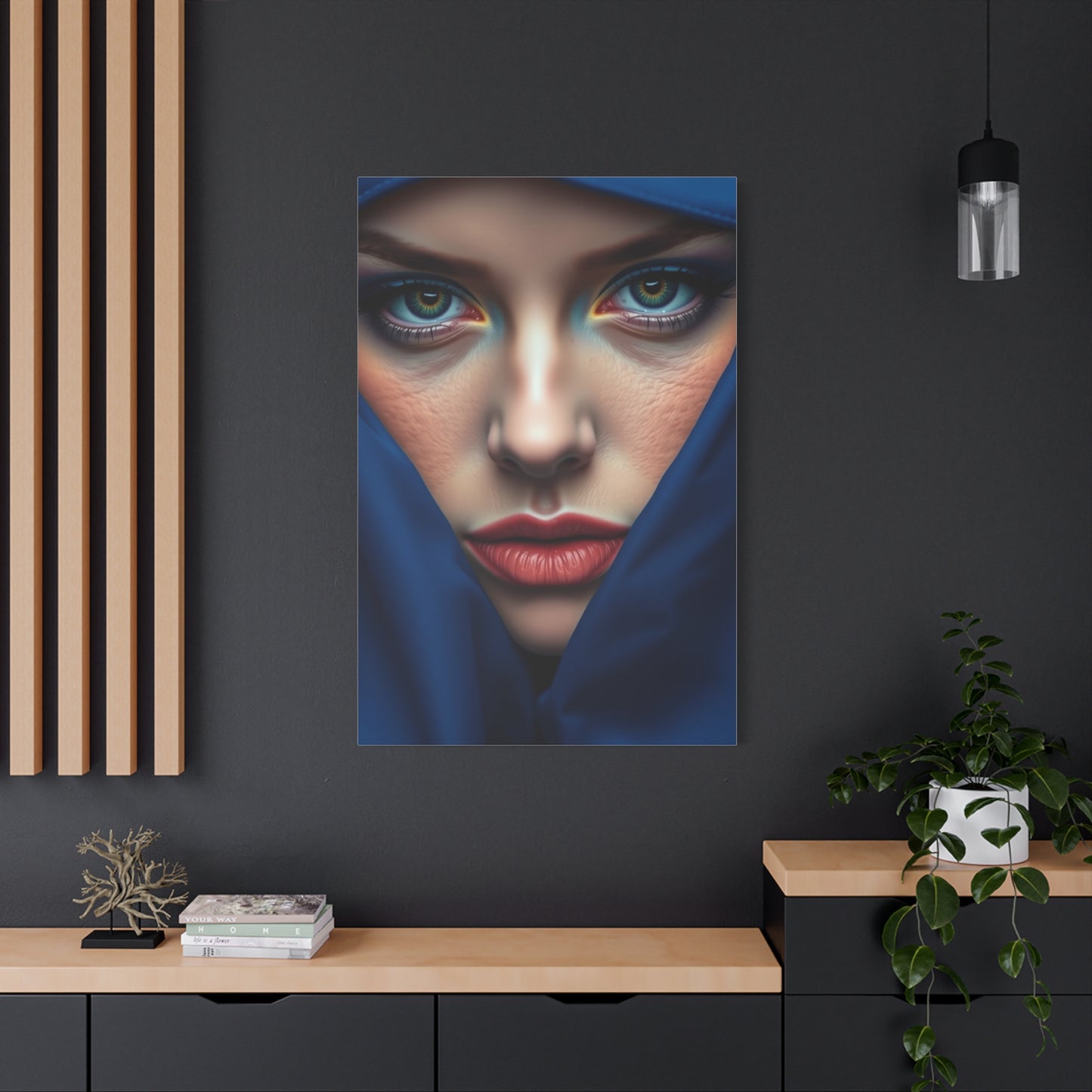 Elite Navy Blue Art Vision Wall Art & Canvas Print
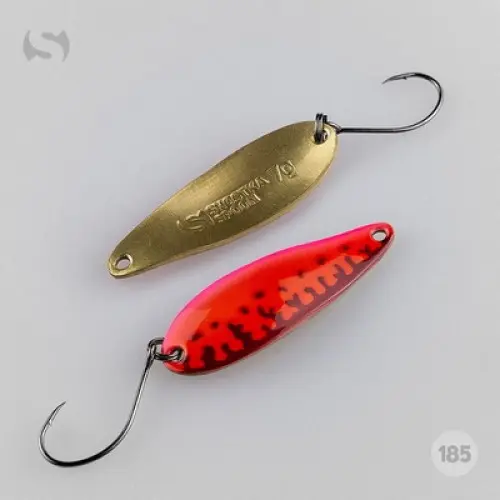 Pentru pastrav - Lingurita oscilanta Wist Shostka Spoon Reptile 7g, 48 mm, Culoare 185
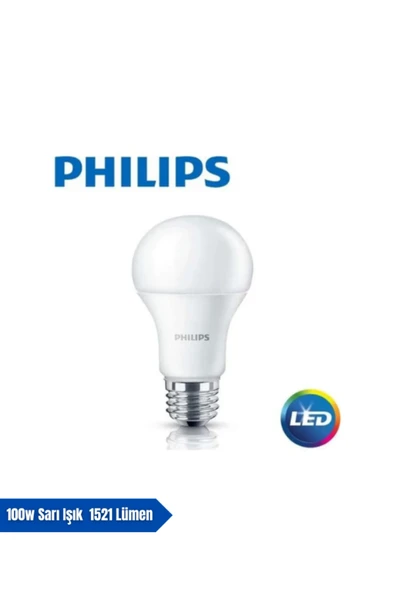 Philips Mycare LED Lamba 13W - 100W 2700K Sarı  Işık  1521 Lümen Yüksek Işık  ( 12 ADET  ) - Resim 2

——————————

## Task item
When you set down the material above, keep every word exact and include no pictures.

## Final answer
 Elite Navy Blue Art Vision Wall Art & Canvas Print
 Pentru pastrav - Lingurita oscilanta Wist Shostka Spoon Reptile 7g, 48 mm, Culoare 185
 Philips Mycare LED Lamba 13W - 100W 2700K Sarı  Işık  1521 Lümen Yüksek Işık  ( 12 ADET  ) - Resim 2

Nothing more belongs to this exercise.